After update statistics runs, the estimated row count for the TableScan operator is the same as the actual row count, and the query plan changes to use the HashVectAgg (that is, hash-based vector aggregation) instead of the Sort and GroupSorted combination in the earlier example. The query also runs much faster.

You can perform more work to improve the query. The output of the HashVectAgg operator shows an estimated rowcount of 100, but the actual rowcount is 4. Because the grouping columns are on l_returnflag and l_linestatus, you can create a density on this pair of columns:

use tpcd
go
update statistics lineitem(l_returnflag, l_linestatus)
go
set showplan on
go
set statistics plancost on
go

If you re-run the query, you get this query plan:

QUERY PLAN FOR STATEMENT 1 (at line 2).

4 operator(s) under root

The type of query is SELECT.

ROOT:EMIT Operator

|RESTRICT Operator
|
|   |SORT Operator
|   | Using Worktable2 for internal storage.
|   |
|   |   |HASH VECTOR AGGREGATE Operator
|   |   |  GROUP BY
|   |   |  Evaluate Grouped COUNT AGGREGATE. |   |   |  Evaluate Grouped SUM OR            AVERAGE AGGREGATE.
|   |   |  Evaluate Grouped COUNT AGGREGATE.
|   |   |  Evaluate Grouped SUM OR AVERAGE AGGREGATE.
|   |   |  Evaluate Grouped SUM OR AVERAGE AGGREGATE.
|   |   |  Evaluate Grouped SUM OR AVERAGE AGGREGATE.
|   |   |  Evaluate Grouped SUM OR AVERAGE AGGREGATE.
|   |   |  Using Worktable1 for internal storage.
|   |   |  
|   |   |  |  SCAN Operator
|   |   |  |  FROM TABLE
|   |   |  |  lineitem
|   |   |  |  Table Scan.
|   |   |  |  Forward Scan.
|   |   |  |  Positioning at start of table.
|   |   |  |  Using I/O Size 2 Kbytes for data pages.
|   |   |  |  With MRU Buffer Replacement Strategy for data pages.

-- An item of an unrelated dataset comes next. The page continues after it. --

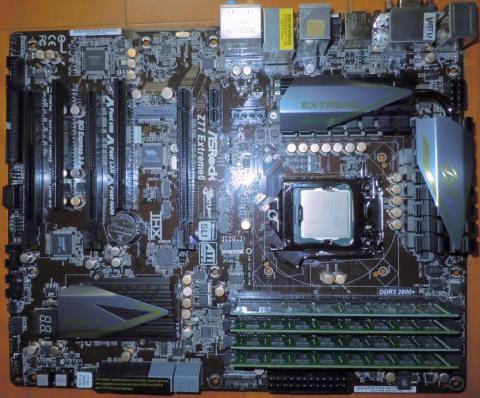 マザーボード TOPVIEW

==================== Lava Operator Tree ====================
                                                      Emit
                                                     (VA = 4)
                                                     4 rows est: 4
                                                     cpu: 0

                                            /
                                            Restrict
                                            (0)(13)(0)(0)
                                            (VA = 3)
                                            4 rows est: 4

                                    /
                                    Sort
                                    (VA = 2)
                                    4 rows est: 4
                                    lio: 6 est: 6
                                    pio: 0 est: 0
                                    cpu: 700 bufct: 16
                           /
                           HashVectAgg
                           Count (VA = 1)
                           4 rows est: 4
                           lio: 5 est: 5
                           pio: 0 est: 0
                           bufct: 16
                  /
                  TableScan
                  lineitem
                  (VA = 0)
                  60175 rows est: 60175
                  lio: 4157 est: 4157
                  pio: 1264 est: 4157

The estimated row count for HashVectAgg is same as that of the actual row count.